相内さんの「学び直し」の決断の背景にあった思いとは?メインキャスターの重責と喜び、未来のビジョンまで、幅広く伺います。
決断の背景に 33歳で抱いた「もやもや」
── まずは早稲田大学ビジネススクールの卒業とMBAの取得、おめでとうございます。
相内さん:
ありがとうございます。最後は年末年始を返上して修士論文を書き上げましたが、無事に修了することができ、ホッとしています。尊敬する教授のもとで本気で学び、素晴らしい仲間たちに出会うことができた2年間でした。
── 20年4月に入学されていますが、MBA取得を意識したのはいつ頃ですか?
相内さん:
新型コロナウイルスが流行する前、19年の夏頃です。
── 決断の背景にはどんな思いがあったのですか?
相内さん:
経済キャスターとして、自分の経済・経営の分野の専門性を高めたいと思ったことが大きな理由です。
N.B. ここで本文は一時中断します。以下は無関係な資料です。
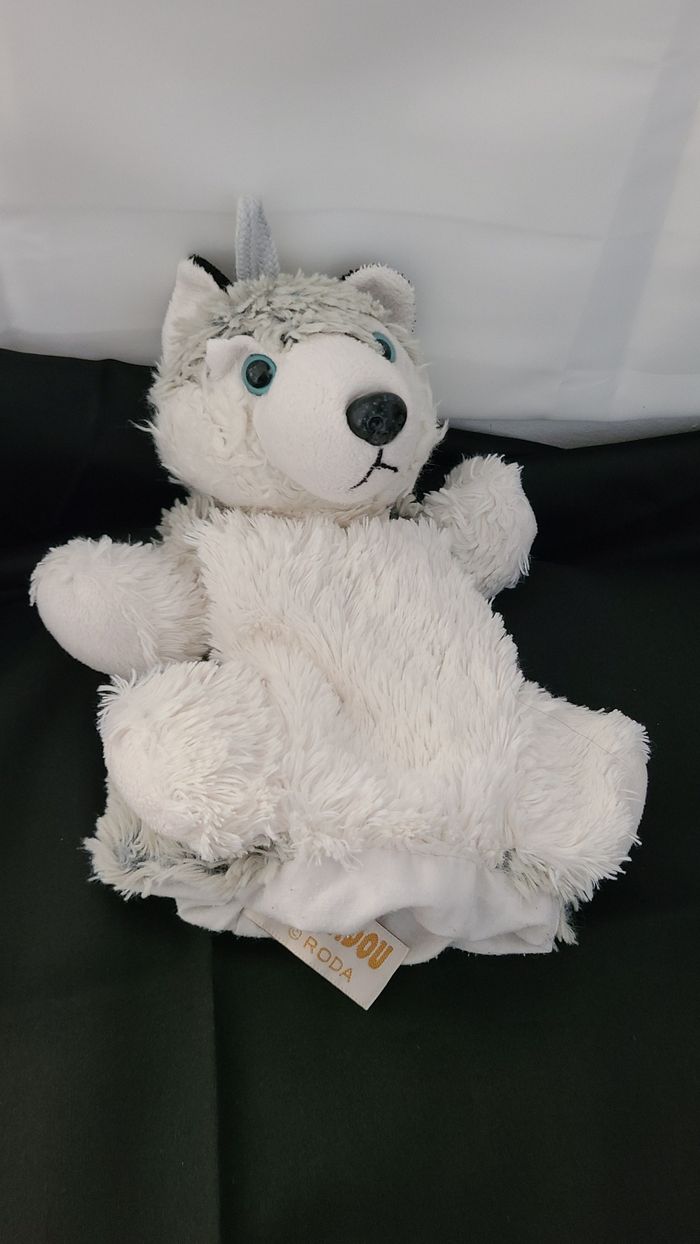 Doudou marionnette husky RODADOU RODA blanc gris poil long - photo numéro 6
あとは、当時、WBS(ワールドビジネスサテライト)を担当して丸10年になるころだったんです。
経済キャスターとして、消費の現場など、ミクロ経済の現場に足を運んでレポートするという、本当にやりがいのある仕事を長年やらせていただきました。2018年には番組の中で『Vチューバー相内ユウカ』というキャラクターも生まれ、19年にはYouTube番組をやったり、本を出版したり、充実した日々でした。
ただ、速報性が命のニュースの現場は、その日のオンエアが終わると「次、次」と、どんどん流れていくというところがあって。「New」を追い求める「News」なのだから当然なのですが、関心も次から次へと移っていく。「情報が消費されていくなぁ」という感覚がありました。
そんな毎日に身を置く中で、その場その場で消費されていくものではなく、「じっくり腰を据えて、一生残る自己投資がしてみたい」という思いが少しずつ大きくなっていきました。
── ある意味では、変化を求めていたということでしょうか?
相内さん:
そうですね、変化を求めていたと思います。当時33歳で、なんとなく「このままでいいのかな」ってもやもやしたものがありました。
決断する決め手になったのは、2019年にノーベル化学賞を受賞された吉野彰さんの言葉です。吉野さんと、ジャーナリストの池上彰さんの対談企画のナレーションを担当したのですが、33才でリチウムイオン電池の研究を始めた吉野さんが「35歳までにどれだけ自分の力を蓄えられるかが重要なんだ」「コツコツやってきたことが35歳を過ぎてから花を開いていく」とおっしゃったんです。
ナレーションを入れながら「あ、わたし、35歳まであと2年だな。どうしよう?」って。
あと2年。挑戦するなら「今だ」と思い、これまでの経験が生かせる「MBAしかない」と思ったんです。